The Asus NCT-D is one of the first boards equipped with a SATA-II controller. On top of that, it offers many additional components. Altogether the price for the board is still a bit too high. However, if you are willing to pay the price, you will get the fastest board of this review.
The second Asus board, the NCCH-DL, is an enhanced version of PC-DL. Hence, it offers all of the advantages of its predecessor, such as excellent memory bandwidth or the fact that registered memory is not required. But it also inherits the disadvantages: PCI Express or more than 4 GB RAM are not available. It is the accessories, the equipment and the price that make the board interesting for high end desktops as well. However, one flaw remains: This board will not turn off automatically in case the CPUs overheat.

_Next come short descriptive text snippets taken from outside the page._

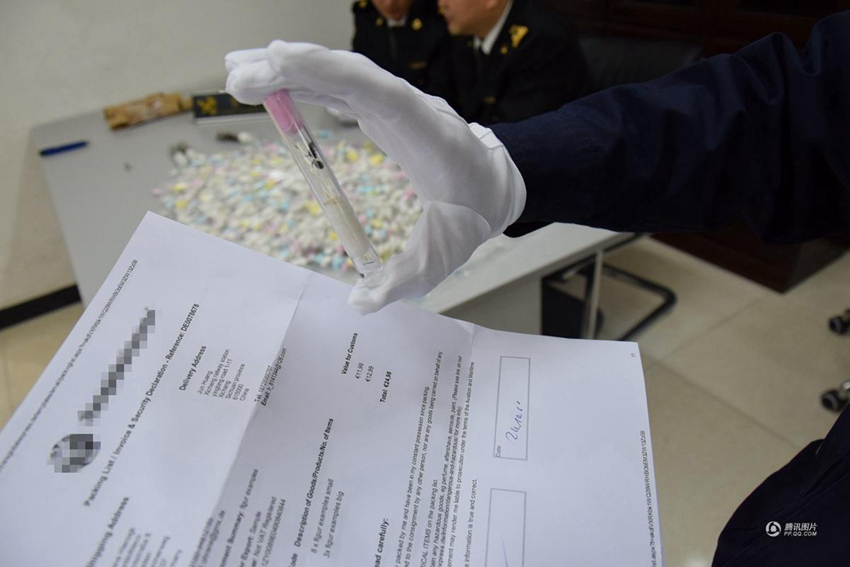 ???? ?? 800?? ?? ??? ??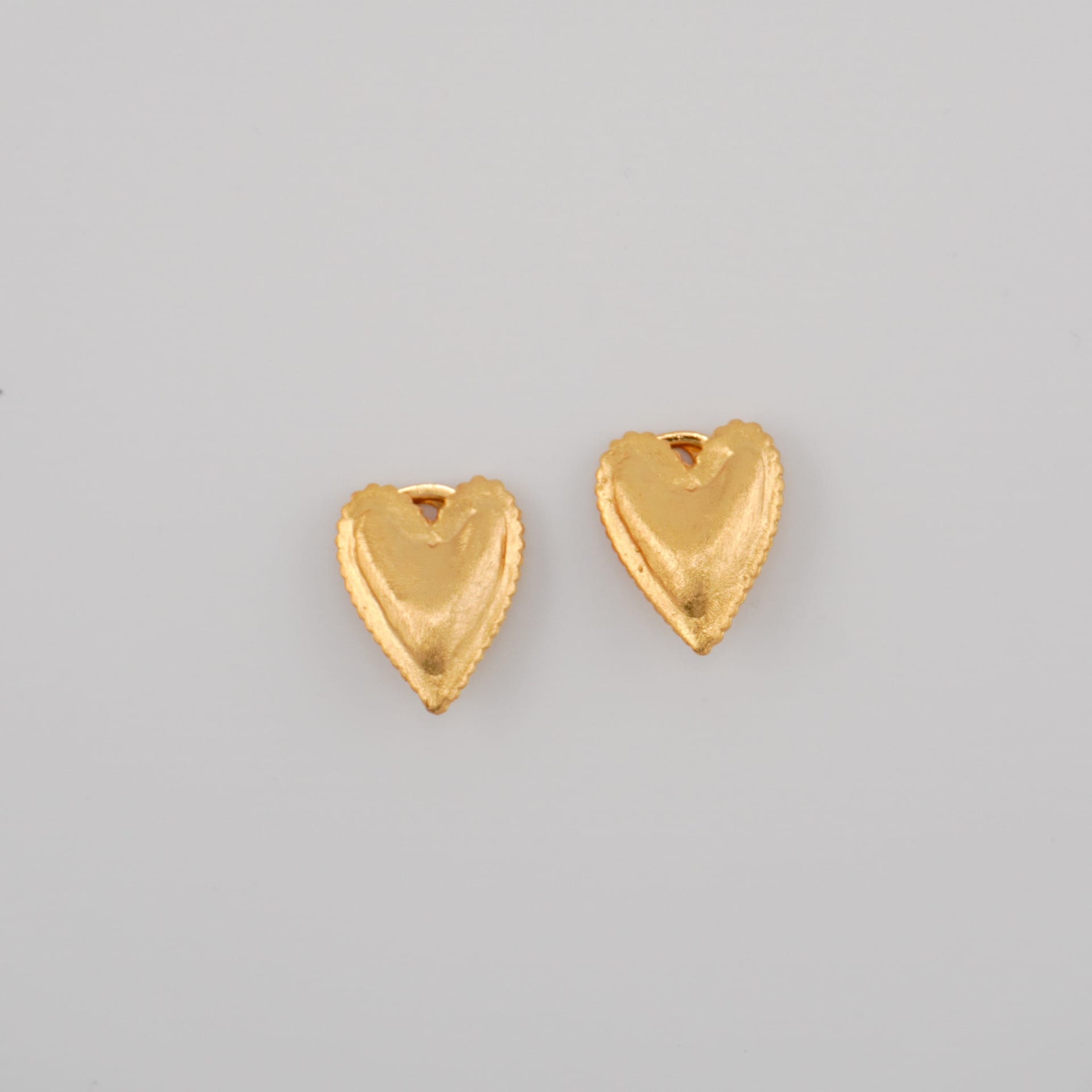 Milagrito Mini Studs - imagen 1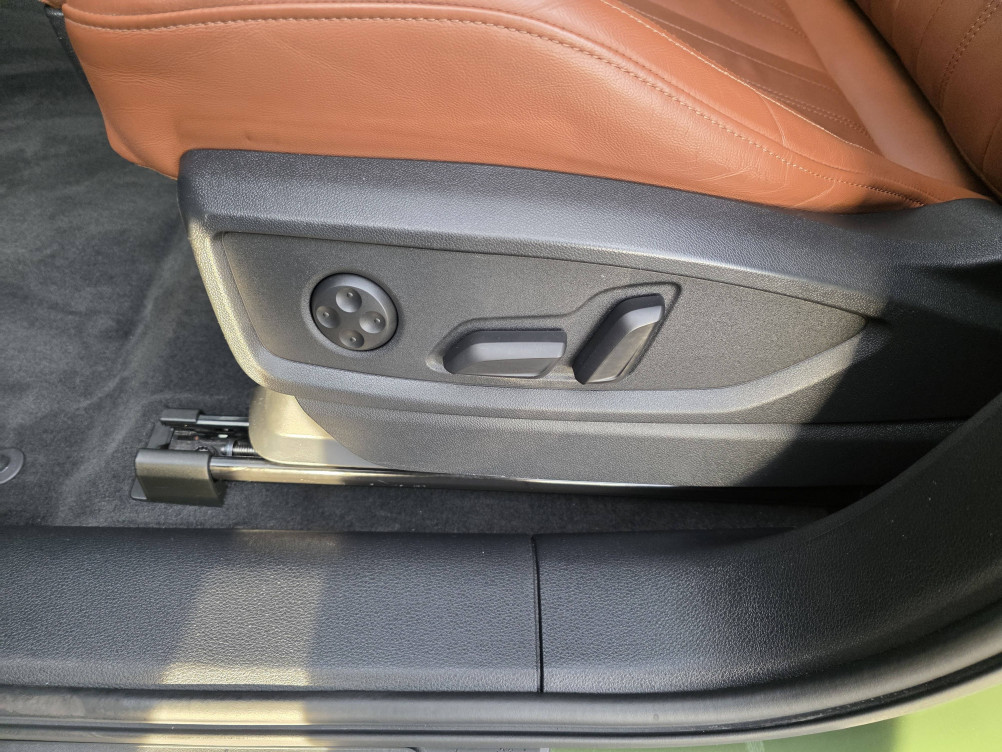 Acheter Audi Q5 Q5 Sportback 40 TDI 204 S tronic 7 Quattro Avus 5p occasion dans les concessions du Groupe Faurie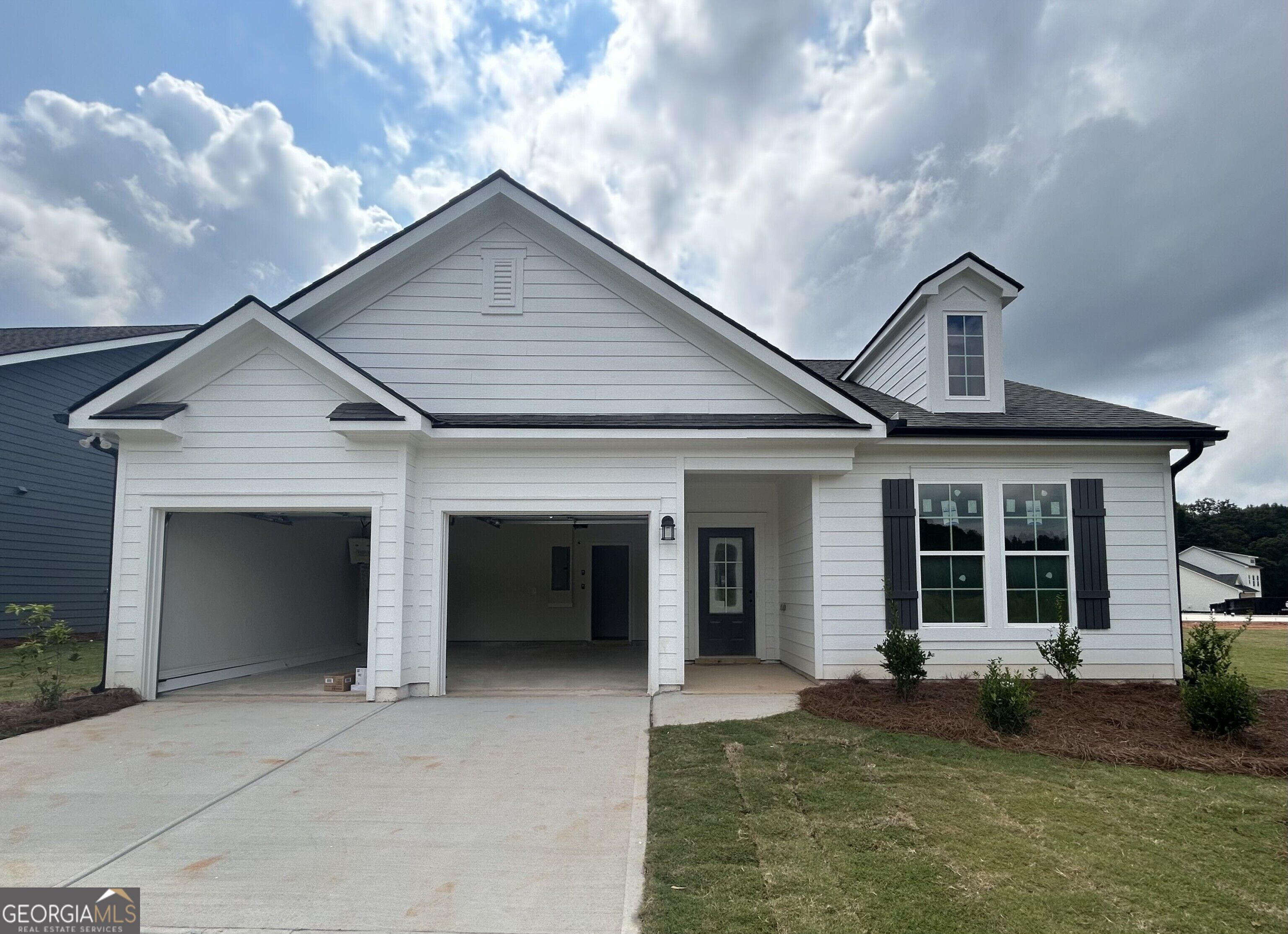 360 Crimson Feather Dr — photo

Gigabyte does not offer a lot of features with its 9ITDW. Due to the unfortunate fact that the fan control was still under development, it was almost impossible to do the test without using some ear muffs. Also, the monitoring tools for the operating system where not fully developed yet. Apparently, Gigabyte picked up on that by now. Lastly, users that still have some PCI-X cards can make a good deal GA-9ITDW. Finally, Gigabyte offers the better cost-performance ratio.

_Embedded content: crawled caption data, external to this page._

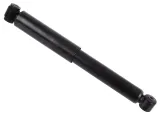 amortyzator-db-t-sprinter-412-319878-sachs-stan-nowy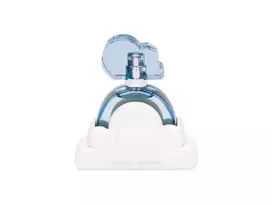 Parfumuotasis vanduo Ariana Grande Cloud, 50ml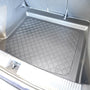 Kofferbakmat Renault Scenic E-Tech suv (2024-Heden) - Carbox
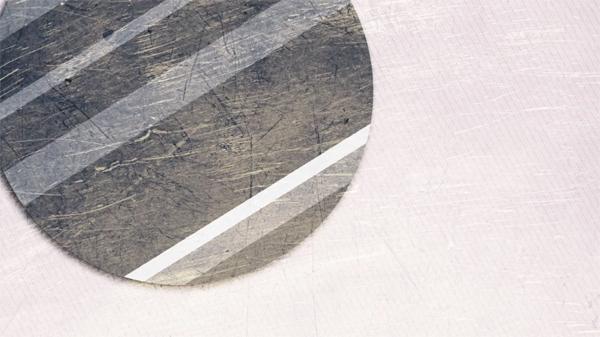 Sphere Ao fujimori 3 Sphere par Ao fujimori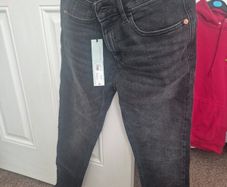 River Island Jeans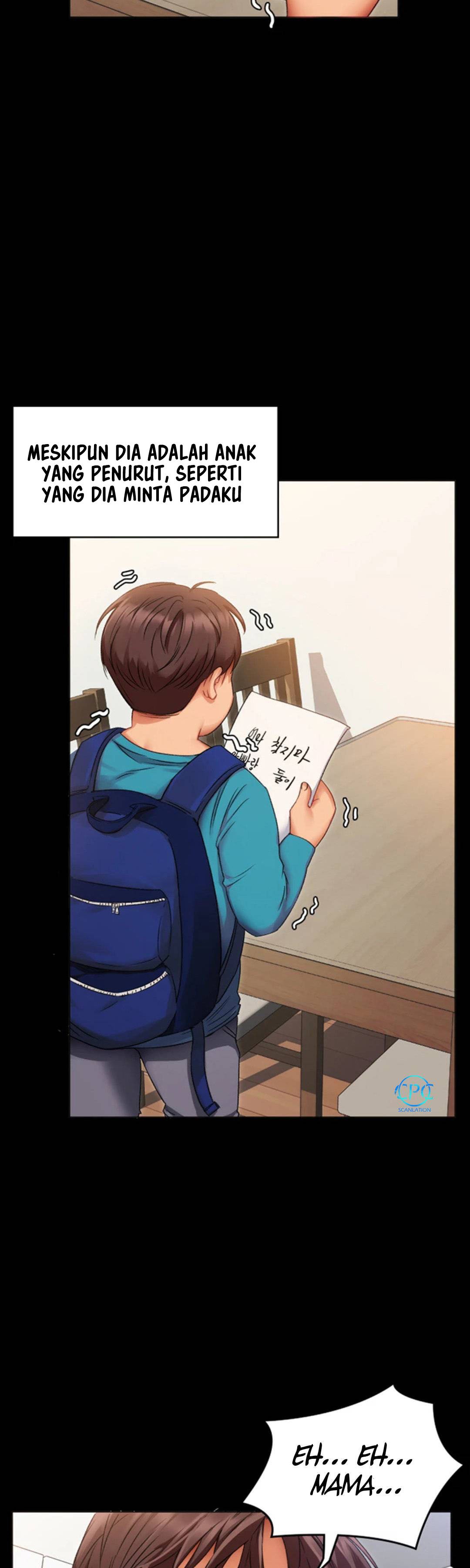 Today Dinner - Chapter 1 18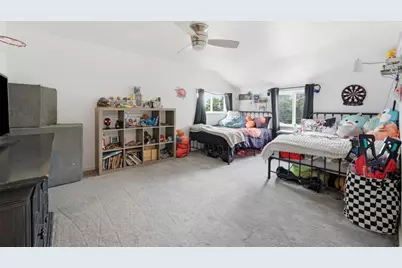 4670 Marjorie Drive, Murrysville, PA 15668 - Photo 15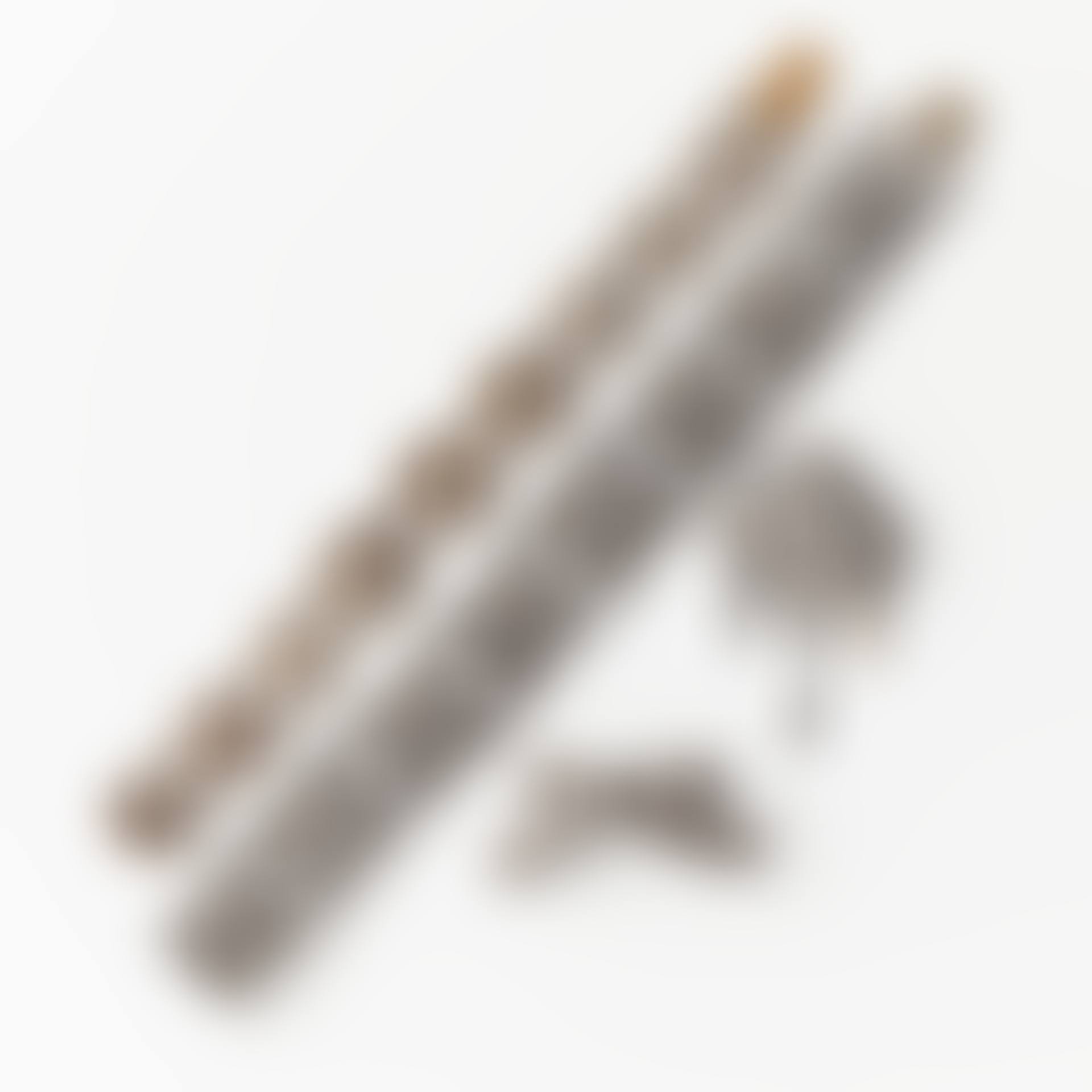 Collection of steel works (preview)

Thanks to the onboard graphics, Intel's SE7525GP2 is equally useful for servers and workstations. Being the only E7525 board using DDR400 memory, it makes deploying large amounts of RAM a pretty affordable affair. Unfortunately, it is not possible to control the fans via the latest 4-pin headers, even though this is highly propagated by Intel.
IWill offers a Xeon motherboard based on Canterwood for a price that is hard to beat. At the same time, this board offers very good overclocking options. With a mounting plate for the CPU cooler that comes included; this product could also be used in desktop chassis. Regrettably, it is not as easy to get the board everywhere as is the case with better-known manufacturers.

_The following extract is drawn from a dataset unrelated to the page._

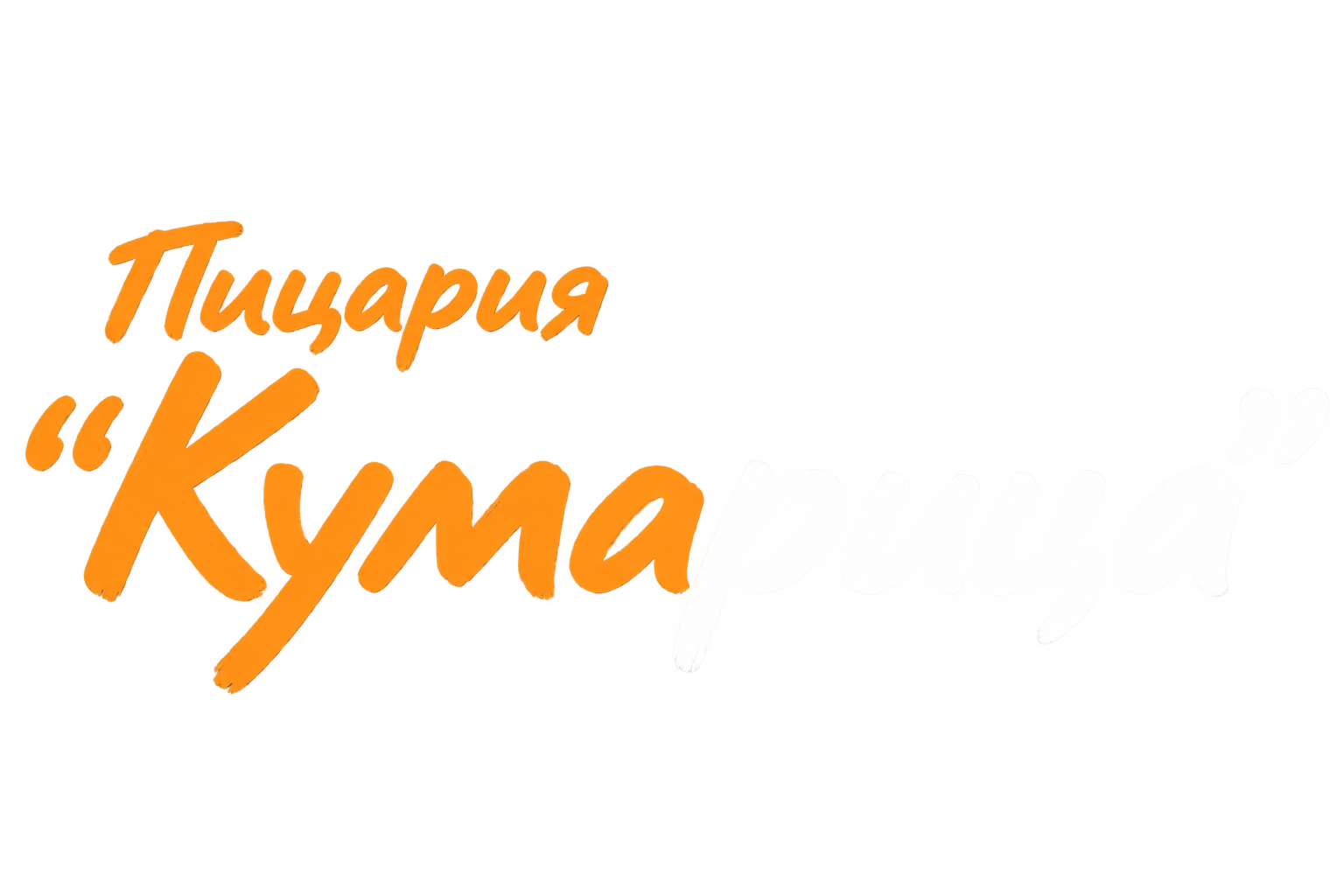 pizzon logo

With its unbeaten feature set, Supermicro's X6DA8-G2 is definitely meant for professional usage and therefore eclipses all other boards that we tested. It's a unique combination of eight controllable fans, LSI RAID Zero option, Dual Gigabit LAN, IPMI option, SM bus PSU monitoring and the theoretical possibility of extending the memory up to 16 GB. While this board is the most expensive out of the bunch, it truly deserves our recommendation thanks to its flawless performance.
The S2676 fits into the same price range as the Supermicro board, but misses several of its goals. We missed the 4-pin fan headers; while a maximum of 8 GB RAM is not above average. Also, the CPU temperature monitoring did not work properly.